What you have to do — Find the line holding "Citroën Jumper 2" in the entries below. Give it again exactly, along with every line after it up to and including the line holding "Chord Songbook".

[Scraped caption text data]

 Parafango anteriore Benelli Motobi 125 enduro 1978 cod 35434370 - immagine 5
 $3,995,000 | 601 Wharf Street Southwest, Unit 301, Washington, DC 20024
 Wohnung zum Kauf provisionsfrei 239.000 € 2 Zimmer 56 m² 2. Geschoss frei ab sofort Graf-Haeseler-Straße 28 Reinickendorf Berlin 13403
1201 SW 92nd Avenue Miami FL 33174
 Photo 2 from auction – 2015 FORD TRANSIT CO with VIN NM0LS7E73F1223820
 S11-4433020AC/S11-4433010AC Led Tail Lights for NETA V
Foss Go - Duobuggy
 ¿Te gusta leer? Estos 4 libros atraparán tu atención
* * *
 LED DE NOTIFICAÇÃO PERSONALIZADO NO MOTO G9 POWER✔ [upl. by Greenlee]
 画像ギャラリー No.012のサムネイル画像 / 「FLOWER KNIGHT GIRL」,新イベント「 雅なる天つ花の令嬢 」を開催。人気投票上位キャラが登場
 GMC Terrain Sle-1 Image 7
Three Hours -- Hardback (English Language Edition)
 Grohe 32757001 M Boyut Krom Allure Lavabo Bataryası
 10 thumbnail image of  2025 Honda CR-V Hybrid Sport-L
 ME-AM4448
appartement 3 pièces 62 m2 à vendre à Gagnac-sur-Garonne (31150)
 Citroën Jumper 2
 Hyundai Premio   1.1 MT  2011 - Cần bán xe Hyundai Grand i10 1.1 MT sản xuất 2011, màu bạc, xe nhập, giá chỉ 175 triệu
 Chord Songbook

Answer box —
 Citroën Jumper 2
 Hyundai Premio   1.1 MT  2011 - Cần bán xe Hyundai Grand i10 1.1 MT sản xuất 2011, màu bạc, xe nhập, giá chỉ 175 triệu
 Chord Songbook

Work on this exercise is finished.